*** Opening of Records supplied ***

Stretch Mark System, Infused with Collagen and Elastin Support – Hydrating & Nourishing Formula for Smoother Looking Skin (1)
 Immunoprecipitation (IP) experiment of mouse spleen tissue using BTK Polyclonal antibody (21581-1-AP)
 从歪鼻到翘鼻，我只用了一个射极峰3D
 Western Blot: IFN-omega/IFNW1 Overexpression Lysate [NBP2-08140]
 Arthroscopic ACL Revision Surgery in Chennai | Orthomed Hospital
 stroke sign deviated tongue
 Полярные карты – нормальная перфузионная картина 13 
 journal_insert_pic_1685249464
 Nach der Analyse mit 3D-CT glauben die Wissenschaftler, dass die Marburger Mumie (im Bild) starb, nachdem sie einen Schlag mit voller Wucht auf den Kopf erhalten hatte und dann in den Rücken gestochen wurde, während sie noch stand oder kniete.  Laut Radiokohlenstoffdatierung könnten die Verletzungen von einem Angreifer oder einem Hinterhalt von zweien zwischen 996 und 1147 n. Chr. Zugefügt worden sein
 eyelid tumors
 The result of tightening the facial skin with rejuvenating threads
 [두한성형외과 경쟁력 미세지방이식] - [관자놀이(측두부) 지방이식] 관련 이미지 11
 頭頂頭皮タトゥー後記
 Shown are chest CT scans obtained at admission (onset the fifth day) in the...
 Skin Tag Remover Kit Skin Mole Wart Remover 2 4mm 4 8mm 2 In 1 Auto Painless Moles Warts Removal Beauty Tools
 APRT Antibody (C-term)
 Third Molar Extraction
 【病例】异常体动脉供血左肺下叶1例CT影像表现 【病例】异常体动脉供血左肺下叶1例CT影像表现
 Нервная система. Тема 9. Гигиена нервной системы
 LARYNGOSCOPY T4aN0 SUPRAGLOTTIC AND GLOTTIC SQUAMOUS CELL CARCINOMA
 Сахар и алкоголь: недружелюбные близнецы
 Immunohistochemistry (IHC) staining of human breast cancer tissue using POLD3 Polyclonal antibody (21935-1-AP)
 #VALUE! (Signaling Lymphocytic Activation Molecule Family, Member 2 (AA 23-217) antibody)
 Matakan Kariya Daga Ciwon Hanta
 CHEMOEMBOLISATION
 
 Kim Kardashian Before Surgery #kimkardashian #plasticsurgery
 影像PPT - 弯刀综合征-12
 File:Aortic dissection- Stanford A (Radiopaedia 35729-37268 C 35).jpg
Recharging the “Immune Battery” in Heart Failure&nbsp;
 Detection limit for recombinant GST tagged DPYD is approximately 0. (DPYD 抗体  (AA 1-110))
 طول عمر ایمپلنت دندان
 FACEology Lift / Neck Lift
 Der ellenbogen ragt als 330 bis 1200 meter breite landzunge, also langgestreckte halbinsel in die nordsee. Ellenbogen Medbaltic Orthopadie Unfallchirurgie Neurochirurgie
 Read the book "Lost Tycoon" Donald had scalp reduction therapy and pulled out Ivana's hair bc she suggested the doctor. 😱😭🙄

*** Close of Records supplied ***

Your task: Copy out, exactly and alone, the lines of the entries above between the ones holding "Arthroscopic ACL Revision" and "journal_insert_pic_1685249464", inclusive.

Response:
 Arthroscopic ACL Revision Surgery in Chennai | Orthomed Hospital
 stroke sign deviated tongue
 Полярные карты – нормальная перфузионная картина 13 
 journal_insert_pic_1685249464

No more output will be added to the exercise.